That all changed in December 2024. Assad’s statues fell, one by one, across Aleppo, Hama, Daraa, and Homs. We couldn’t sleep for a week – not just because events were unfolding so quickly and unbelievably that we wanted to witness everything, but also because, on a simple, private level, my father was alone at that time in Damascus. We all spent hours on WhatsApp video calls, ensuring that, at least while we were speaking, nothing would happen to him. He sat in the dark, cold house without electricity for days, speaking to us like a caveman. The last two nights in Damascus were silent, haunted by trauma – not even the sound of a bomb.
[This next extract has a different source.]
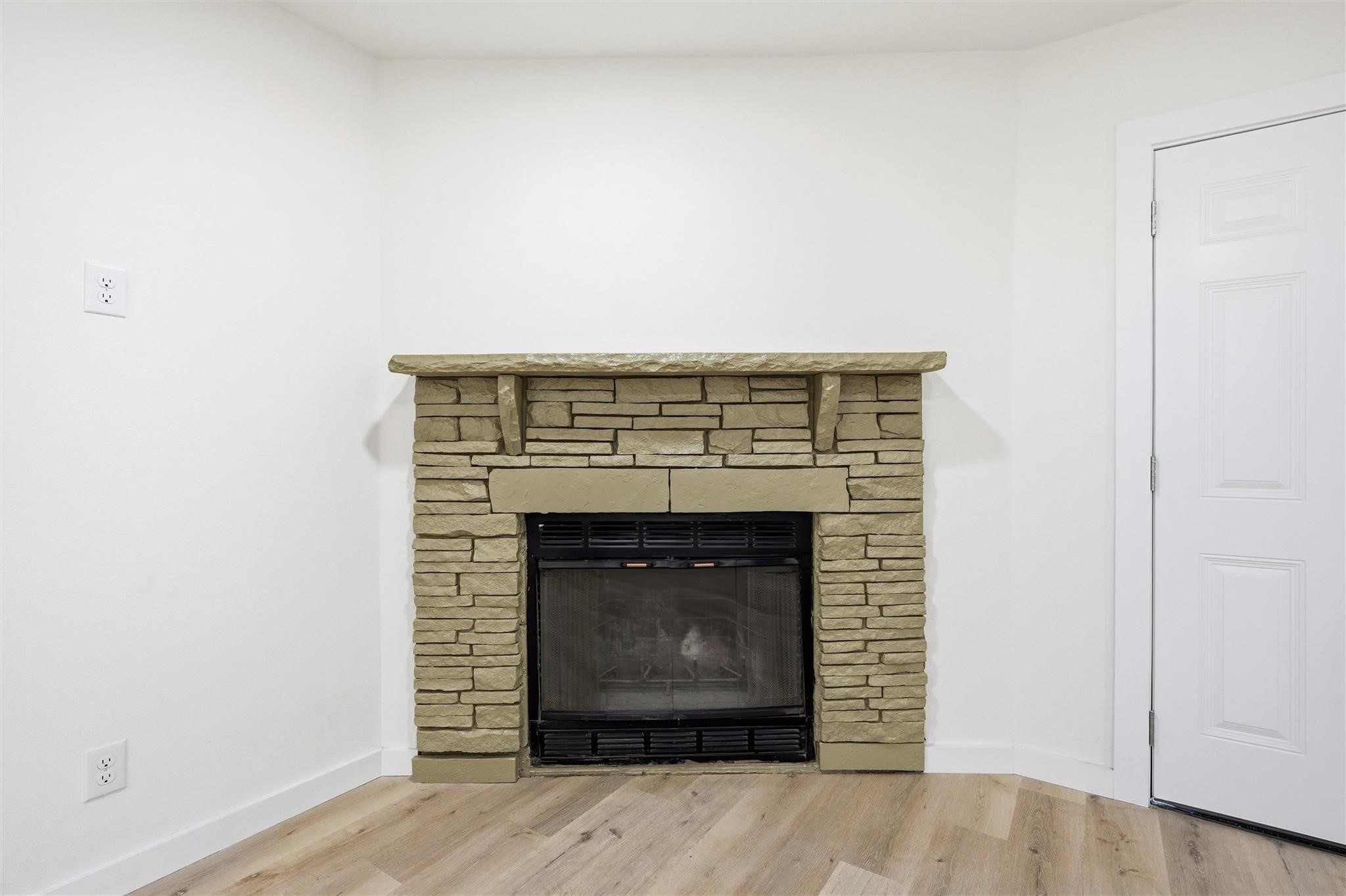 1221 Chestnut Street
The streets were deserted: no cars rolling, no one walking.
On 7 December, as the rebel militant group HTS (Hayat Tahrir al-Sham) neared the capital, neighbourhoods dismantled his symbols of power. The next day, Assad fled to Moscow. For the first time, Syrians woke to a country free from dictatorship: prisons liberated, statues toppled, images torn down. After 13 years of war, during which millions had been displaced and countless lives lost, Syria was ours again. I was proud: a day before HTS entered Damascus, the statues were destroyed without foreign or local armies involved. The city was liberated by its citizens – a detail omitted in the news but one we hold on to with pride.
Immediately, friends and fans messaged me with hopes of finally watching my films in public screenings in Damascus, rather than in secret clubs. One friend asked if I would screen The Day I Lost My Shadow, my debut feature that won the Lion of the Future at Venice in 2018. We joked that it might need to be shown in another secret club, as some characters’ dialogue – questioning God’s existence amid war – had already provoked a backlash. Now, as cinema in Syria transitions from secret acts of defiance to public expressions, there’s a quiet concern that a new form of censorship may be on the horizon. Yesterday, a prominent talented Syrian actor I once worked with was brutally beaten for drunkenly uttering blasphemous words. The official Syrian TV channels broadcast brief news segments before going black. And in this blackness lies our fear – the fear strict interpretations of Islamic laws and Sharia will be inflicted on our cultural public space. For now, all our programmes, films and popular TV dramas are absent, not a priority.
The storm isn’t over yet. We’ve only just surfaced, gasping for air. Censorship still looms, but so does a new energy. Civil and cultural organisations are roaring to protect our fragile freedom. Syrians are fighting to reclaim public spaces and narratives, determined to clear the dark skies overhead. While the journey ahead is uncertain, one thing is clear: we’re finally swimming towards the shore.